As much as I like an ongoing arc, a story rolling into multiple issues – perhaps even a whole series – there’s something very satisfying and “Classic Doctor Who” about a short but sweet story seemingly-detached from the main plot.
Issue 8 of Titan Comics’ Tenth Doctor “Year Two” gives us exactly that: the start of a two-part tale, and Cindy Wu’s first proper trip in the TARDIS.
The Wishing Well Witch sees the Doctor, Cindy, and Gabby Gonzalez at the Dewbury Paranormal Literary Festival; the town’s “beaten Stockbridge this year as most paranormal place in England,” so naturally there’s something fishy going down. The first couple of pages immediately establishes an Image of the Fendahl-esque vibe, but writer, Nick Abadzis nails the slightly naff, tongue-in-cheek nature of Brits: far from the rehearsed rituals of The Daemons, this scene plays out like a sketch – albeit one that leads to all hell breaking loose.
The story is definitely a dark cautionary one, warning people off dabbling with the occult, but there’s a lovely wit too. That’s evident when, instead of using a pillar candle for an incantation, one of the townsfolk suggests a tealight; similarly, the Doctor browses through a bookstore, but is more interested in some classic comic annuals like the Beano, Dandy, and Whizzer and Chips than Dickens, Sheakespeare, and Christie.
That good-natured humour extends to Eleonora Carlini’s art, which is certainly more influenced by manga than the series’ regular artist, Elena Casagrande’s. I’ve mentioned before that I’m not a huge fan of manga, but Carlini’s pages largely stay on the right side of realism, just occasionally indulging in the excesses of Japanese art.
This is especially true in her depiction of Cindy, who was welcomed on board the Doctor’s time-space ship at the conclusion of last issue – welcomed by the Doctor, that is. It’s interesting to see Gabby, who’s travelled with the Time Lord for quite a while now, on the back foot. She doesn’t treat her friend terribly well here, just a hint of jealousy perhaps creeping in. Maybe jealousy isn’t the right word: it’s more like she wants the Doctor all to herself, and we’re reminded of Rose Tyler’s initial reluctance to welcome Mickey Smith on their adventures at the end of School Reunion.
It’s a dynamic we’ve not really seen before in the series, and makes for an interesting read, though not a comfortable one. That’s not a fault: a little edginess keeps you intrigued. When there are numerous companions in the TARDIS, there’s always some underlying tension (except with Amy and Rory, post-Series 5), and you certainly get lashings of that here, although the Doctor remains naturally oblivious.

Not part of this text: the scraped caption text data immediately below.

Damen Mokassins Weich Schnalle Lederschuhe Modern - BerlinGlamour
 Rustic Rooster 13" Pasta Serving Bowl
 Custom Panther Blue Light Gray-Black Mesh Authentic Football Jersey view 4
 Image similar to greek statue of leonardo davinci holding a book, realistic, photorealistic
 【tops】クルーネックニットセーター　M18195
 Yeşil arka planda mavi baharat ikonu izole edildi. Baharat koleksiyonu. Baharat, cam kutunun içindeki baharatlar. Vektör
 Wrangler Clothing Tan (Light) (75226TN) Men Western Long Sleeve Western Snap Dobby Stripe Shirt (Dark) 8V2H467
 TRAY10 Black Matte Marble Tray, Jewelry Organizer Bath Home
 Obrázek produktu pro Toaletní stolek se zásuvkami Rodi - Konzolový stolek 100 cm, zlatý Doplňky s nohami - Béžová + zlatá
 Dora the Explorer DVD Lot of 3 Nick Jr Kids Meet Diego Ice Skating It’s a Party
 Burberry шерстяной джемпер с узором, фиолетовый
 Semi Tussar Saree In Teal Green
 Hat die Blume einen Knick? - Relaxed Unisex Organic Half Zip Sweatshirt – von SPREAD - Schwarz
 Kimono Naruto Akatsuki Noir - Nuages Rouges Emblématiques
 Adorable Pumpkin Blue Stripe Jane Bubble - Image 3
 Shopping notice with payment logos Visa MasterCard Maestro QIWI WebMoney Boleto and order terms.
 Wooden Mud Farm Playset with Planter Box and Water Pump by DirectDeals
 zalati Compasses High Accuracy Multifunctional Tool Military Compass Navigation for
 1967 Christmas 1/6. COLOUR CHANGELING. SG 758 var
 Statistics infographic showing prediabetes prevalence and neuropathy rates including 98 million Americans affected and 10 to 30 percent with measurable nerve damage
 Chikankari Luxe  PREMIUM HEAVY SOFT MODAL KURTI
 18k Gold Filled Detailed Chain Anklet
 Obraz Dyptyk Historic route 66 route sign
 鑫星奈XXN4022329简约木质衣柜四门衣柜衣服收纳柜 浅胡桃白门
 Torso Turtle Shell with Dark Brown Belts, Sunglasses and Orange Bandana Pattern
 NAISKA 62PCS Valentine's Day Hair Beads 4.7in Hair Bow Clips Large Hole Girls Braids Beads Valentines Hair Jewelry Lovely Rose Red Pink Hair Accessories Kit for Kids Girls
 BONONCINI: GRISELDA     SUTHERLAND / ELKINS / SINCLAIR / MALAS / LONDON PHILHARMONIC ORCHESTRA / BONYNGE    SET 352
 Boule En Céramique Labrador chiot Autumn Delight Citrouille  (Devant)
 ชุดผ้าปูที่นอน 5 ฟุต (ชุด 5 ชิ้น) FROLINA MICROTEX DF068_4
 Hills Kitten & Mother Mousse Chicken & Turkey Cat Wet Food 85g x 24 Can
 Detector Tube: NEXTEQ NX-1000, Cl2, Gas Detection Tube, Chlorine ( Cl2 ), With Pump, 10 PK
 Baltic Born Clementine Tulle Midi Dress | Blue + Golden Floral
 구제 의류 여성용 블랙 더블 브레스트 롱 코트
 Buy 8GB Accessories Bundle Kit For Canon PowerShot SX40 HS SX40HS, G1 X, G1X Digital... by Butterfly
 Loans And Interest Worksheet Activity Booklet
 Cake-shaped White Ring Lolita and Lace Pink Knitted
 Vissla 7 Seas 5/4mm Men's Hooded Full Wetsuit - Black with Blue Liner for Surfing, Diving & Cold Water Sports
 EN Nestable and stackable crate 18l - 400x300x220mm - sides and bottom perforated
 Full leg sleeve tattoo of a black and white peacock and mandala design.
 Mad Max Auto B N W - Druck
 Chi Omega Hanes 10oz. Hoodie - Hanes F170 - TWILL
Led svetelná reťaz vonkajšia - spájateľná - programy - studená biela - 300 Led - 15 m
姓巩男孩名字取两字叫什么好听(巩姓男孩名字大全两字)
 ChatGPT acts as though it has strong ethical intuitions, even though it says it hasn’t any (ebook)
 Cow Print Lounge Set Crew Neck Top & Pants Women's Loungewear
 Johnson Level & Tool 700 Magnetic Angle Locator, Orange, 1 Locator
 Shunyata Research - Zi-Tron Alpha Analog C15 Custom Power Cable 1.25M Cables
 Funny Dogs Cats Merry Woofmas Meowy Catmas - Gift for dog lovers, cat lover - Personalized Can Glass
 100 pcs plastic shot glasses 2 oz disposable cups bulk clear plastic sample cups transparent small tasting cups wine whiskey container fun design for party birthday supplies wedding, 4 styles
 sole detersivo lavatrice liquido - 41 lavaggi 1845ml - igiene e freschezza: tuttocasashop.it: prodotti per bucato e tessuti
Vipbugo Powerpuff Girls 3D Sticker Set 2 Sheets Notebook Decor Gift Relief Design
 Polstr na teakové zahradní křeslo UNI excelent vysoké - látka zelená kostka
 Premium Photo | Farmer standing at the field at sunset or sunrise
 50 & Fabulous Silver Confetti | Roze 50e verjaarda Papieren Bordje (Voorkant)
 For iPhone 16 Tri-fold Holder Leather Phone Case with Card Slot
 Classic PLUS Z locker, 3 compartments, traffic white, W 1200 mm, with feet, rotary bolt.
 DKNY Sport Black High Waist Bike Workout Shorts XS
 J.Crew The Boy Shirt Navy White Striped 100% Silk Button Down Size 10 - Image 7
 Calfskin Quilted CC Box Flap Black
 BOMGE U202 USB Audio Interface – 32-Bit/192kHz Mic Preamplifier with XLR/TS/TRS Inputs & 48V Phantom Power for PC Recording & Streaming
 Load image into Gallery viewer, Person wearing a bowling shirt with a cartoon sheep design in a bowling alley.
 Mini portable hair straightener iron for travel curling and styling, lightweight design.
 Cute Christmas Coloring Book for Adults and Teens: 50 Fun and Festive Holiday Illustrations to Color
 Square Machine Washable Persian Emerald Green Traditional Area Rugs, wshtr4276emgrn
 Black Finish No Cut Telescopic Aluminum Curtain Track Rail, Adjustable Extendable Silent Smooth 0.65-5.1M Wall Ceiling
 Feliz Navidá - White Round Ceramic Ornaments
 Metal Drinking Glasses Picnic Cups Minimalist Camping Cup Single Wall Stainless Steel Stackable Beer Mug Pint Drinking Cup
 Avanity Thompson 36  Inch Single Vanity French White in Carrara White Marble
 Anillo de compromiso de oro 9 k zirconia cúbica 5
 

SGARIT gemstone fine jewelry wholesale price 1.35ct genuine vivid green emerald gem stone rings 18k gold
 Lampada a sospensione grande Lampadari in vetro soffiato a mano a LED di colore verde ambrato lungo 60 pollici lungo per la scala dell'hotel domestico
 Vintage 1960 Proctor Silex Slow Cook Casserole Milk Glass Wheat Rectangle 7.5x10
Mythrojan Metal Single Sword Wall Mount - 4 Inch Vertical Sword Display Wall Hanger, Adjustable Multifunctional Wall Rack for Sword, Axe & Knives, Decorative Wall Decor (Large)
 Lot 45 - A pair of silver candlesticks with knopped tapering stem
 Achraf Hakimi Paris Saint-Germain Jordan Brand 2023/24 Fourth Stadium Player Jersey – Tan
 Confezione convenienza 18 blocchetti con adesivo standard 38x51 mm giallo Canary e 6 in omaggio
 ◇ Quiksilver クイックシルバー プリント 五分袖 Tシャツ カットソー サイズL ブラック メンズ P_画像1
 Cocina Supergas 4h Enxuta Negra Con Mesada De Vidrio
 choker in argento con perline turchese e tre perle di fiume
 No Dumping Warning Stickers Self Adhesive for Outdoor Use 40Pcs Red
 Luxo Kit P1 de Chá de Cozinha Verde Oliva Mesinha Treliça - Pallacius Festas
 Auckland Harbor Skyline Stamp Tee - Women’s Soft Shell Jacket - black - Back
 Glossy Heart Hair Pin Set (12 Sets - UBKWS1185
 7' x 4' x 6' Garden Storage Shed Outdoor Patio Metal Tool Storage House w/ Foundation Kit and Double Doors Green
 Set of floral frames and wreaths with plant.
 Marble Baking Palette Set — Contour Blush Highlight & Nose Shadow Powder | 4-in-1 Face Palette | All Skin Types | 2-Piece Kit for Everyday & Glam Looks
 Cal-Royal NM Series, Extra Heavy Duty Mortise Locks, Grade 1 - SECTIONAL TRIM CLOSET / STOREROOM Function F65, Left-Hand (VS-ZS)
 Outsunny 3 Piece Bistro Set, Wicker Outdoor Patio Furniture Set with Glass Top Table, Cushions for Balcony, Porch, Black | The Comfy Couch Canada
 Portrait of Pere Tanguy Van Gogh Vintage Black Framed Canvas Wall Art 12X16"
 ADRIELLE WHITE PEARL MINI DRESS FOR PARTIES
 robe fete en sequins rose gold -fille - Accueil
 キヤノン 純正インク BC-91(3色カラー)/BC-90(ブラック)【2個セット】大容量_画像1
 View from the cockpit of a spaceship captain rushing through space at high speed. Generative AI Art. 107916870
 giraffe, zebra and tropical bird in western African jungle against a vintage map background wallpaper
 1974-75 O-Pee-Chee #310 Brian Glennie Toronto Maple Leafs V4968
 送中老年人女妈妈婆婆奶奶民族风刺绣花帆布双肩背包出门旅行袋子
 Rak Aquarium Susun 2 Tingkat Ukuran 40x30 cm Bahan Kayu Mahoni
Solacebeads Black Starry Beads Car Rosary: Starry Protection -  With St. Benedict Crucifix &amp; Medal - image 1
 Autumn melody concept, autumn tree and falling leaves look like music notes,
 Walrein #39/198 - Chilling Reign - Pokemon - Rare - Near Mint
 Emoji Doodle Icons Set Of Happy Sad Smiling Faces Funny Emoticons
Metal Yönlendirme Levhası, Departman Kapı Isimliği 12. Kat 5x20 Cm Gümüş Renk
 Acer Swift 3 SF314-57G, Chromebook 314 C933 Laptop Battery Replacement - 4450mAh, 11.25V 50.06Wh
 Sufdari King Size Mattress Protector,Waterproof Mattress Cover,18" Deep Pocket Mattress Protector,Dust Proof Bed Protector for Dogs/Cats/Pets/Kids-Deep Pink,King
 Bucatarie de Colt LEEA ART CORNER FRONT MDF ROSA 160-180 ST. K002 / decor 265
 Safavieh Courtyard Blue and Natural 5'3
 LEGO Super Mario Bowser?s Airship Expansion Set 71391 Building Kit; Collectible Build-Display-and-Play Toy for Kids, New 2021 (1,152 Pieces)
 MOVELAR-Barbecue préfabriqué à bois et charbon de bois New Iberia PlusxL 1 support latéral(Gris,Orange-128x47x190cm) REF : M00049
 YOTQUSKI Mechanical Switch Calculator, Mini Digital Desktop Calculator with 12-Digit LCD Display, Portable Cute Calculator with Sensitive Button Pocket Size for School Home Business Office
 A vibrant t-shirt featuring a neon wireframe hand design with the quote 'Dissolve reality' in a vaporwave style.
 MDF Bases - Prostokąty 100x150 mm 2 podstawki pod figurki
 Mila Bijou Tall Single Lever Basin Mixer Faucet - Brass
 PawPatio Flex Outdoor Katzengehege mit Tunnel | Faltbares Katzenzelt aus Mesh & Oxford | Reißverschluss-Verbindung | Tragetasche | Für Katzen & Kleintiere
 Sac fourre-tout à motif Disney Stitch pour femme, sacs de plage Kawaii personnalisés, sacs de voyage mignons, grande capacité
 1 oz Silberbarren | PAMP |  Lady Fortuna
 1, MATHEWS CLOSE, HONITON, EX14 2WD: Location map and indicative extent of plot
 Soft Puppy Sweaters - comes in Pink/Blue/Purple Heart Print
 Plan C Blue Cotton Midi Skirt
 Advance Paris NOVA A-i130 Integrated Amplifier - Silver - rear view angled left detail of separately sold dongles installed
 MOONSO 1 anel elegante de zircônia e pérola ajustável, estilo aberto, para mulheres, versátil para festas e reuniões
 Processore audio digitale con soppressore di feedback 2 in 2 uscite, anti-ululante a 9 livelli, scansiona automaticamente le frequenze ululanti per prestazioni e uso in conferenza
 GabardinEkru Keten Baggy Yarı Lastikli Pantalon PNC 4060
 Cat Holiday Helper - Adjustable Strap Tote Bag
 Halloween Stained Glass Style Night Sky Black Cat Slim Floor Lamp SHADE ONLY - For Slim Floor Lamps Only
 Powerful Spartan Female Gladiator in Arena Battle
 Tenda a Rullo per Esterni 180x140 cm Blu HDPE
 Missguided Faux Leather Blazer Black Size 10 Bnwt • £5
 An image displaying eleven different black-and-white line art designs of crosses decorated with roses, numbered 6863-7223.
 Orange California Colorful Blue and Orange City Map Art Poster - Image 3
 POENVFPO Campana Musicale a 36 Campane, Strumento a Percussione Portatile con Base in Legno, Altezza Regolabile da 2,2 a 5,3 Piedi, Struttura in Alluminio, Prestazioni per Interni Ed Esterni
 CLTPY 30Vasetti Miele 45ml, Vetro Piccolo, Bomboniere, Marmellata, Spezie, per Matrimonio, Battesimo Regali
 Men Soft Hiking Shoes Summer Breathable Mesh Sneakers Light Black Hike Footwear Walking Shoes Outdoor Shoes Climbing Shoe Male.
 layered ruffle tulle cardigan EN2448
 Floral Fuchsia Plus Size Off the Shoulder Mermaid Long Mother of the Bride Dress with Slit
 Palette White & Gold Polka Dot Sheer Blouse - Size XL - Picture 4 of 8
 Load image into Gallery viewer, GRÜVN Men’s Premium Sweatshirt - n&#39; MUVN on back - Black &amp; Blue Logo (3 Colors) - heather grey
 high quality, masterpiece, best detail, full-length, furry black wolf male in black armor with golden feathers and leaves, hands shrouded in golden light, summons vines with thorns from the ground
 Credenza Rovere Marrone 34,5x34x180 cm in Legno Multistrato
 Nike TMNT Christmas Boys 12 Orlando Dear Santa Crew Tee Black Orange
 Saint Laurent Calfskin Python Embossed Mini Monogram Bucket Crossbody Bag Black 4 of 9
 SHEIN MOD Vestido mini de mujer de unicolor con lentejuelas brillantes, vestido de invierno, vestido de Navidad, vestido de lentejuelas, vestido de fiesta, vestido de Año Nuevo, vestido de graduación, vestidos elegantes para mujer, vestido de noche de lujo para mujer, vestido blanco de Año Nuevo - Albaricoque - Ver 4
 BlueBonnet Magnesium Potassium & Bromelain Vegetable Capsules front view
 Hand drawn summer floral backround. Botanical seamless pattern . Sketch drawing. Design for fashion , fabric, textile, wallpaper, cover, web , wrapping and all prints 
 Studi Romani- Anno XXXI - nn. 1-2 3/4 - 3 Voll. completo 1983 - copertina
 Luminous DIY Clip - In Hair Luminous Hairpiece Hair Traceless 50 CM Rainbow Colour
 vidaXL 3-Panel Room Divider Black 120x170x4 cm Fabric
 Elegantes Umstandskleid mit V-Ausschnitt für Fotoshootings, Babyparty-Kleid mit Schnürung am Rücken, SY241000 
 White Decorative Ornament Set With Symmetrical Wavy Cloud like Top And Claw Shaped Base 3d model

He’s too distracted by the occult circumstances, an old man who appears insane, and a time trace deep down Dewbury’s wishing well.
The actual witch – a humanoid black schism with multiple faces – is beautifully rendered. She’s grotesque and actually quite scary, her victims harking back to those people in horror movies that suddenly start crying blood. Yep, creepy visuals a-plenty. The Doctor thinks it’s some sort of misunderstanding, but the cliffhanger leaves Dewbury at the witch’s mercy, so I look forward to seeing how this one concludes!
The Tenth Doctor #2.8 is out now, priced $3.99.